A more formal review about to be published of two books I have written about before...

Without Buddha I Could not be a Christian: Paul F. Knitter: One World Publications 2009: ISBN 978-1-85168-673-5: £12.99

Buddhist Christianity: A Passionate Openness: Ross Thompson: O Books 2010: ISBN 978-1-84694-336-2: £14.99

An apocryphal story has Jesus traveling to Kashmir during his missing years to learn the wisdom of ‘the East’. He would have found there a flourishing Buddhist culture the embrace of which would transform the way he presented his mission.

This story aside, both the authors of these compelling and rich books, perceive taking such a journey now as a necessary and fertile one both autobiographically to enrich their own Christian faith and within the wider encounter between both traditions and between these traditions and the modern world.

Paul F. Knitter quotes his once teacher, the great German Catholic theologian, Karl Rahner, suggesting that if Christianity is to survive, it must become a church of mystics. People who place at the heart of their journey not subscription to set of saving beliefs but a faithful practice that leads to real, abiding and transformative experiencing. Salvation that is felt and embodied as well as believed in and hoped for. A critical encounter with Buddhism can radically aid Christianity in this mission.

Both books cover similar territory from their own perspectives. Thompson’s book I would characterize as the more interior of the two while Knitter’s long term commitment to work on justice and peace demands that he explore the social and political dimensions of the encounter.

At that heart both offer Buddhism as a way of teasing Christianity away from imagining that its doctrinally expressed truths are ‘the truth’. Buddhism has a deeper and more central recognition that all language is symbolic. It can only point to, show forth the moon, it cannot be a substitute for experiencing it (and often we found ourselves more interested in the hand that points than the way pointed to).

In this both have to tackle re-visioning  of who Jesus is.
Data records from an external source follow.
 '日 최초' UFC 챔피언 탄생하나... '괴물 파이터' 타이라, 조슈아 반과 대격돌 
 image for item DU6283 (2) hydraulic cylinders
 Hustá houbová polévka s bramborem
If one is a Christian, in some fundamental, grounding sense, Jesus must be unique but if you are to be open to the truth embodied in other traditions, He cannot be the only way to salvation.
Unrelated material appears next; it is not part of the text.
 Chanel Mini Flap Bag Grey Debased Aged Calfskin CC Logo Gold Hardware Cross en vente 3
For Knitter it makes sense to see Jesus as ‘the Awakener’ that Jesus’ divinity was not something that was dropped on him from above (or something that he has that we do not) but that divinity, being the Son of God, was something he grew into, a realization that deepened as an abiding conviction and way of life, that he radically shared with others unto death and beyond. In this ‘salvation’ for us is not something that we, having claimed Jesus as our own, wait around for, trying to keep out of trouble and doing good works, before being lifted into heaven but a continuous process of opening ourselves to, and assimilating, the divine life through spiritual practice and love of neighbour.

For Thompson it makes sense to see Jesus as a ‘Bodhisattva’ - a being who has refused entry into Nirvana until all beings, until ‘the last blade of grass’, has entered enlightenment.  But a radical kind of bodhisattva, one who has taken upon himself the bad karma of others so that we recognize that our salvation is not an individual task but a corporate struggle: “It is a struggle carried by the community of those committed to sharing his death in order to share his life with the whole world (2 Corinthians 4:11) (Thompson page 151).
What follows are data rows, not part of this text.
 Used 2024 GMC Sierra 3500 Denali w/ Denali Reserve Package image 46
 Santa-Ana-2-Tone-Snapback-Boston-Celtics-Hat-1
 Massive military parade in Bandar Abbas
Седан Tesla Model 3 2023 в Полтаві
One of the most valuable features of Thompson’s book is that he uses a ‘Buddhist Christian perspective’ to re-vision possibilities for both traditions. In probably his most illuminating chapter he explores the construction of desire. Christians tend to see a disordered desire transformed by redirecting it towards its proper place in God. Buddhists sees the need to still the whole structure of desire and to step into desirelessness. But both tend to see the problem of desire as that of the individual. Thompson shows that what we desire is constructed communally: we learn what is to be desired from the social structures we inhabit. Both traditions need to develop a more robust understanding of how corporately we transform the communities we inhabit that in turn liberate individual opportunities for transformation.

This is a place from which Knitter can add his own most interesting contribution. He seeks to expound why Buddhism allows Christianity to more deeply occupy its 'unique' territory - that radical concern that God is perceived to have for those who are most deeply marginal, suffering or poor. God in Christianity is biased - we find God when we attend to the needs of those whose need is greatest. This vitally contrasts with Buddhism's universalizing compassion. Compassion does not take sides, justice does. Knitter beautifully suggests how both are necessary and both enable each other.

If we are to pursue justice, we need to understand how our capacity to be peace, to wait upon opportunity, helps us achieve justice.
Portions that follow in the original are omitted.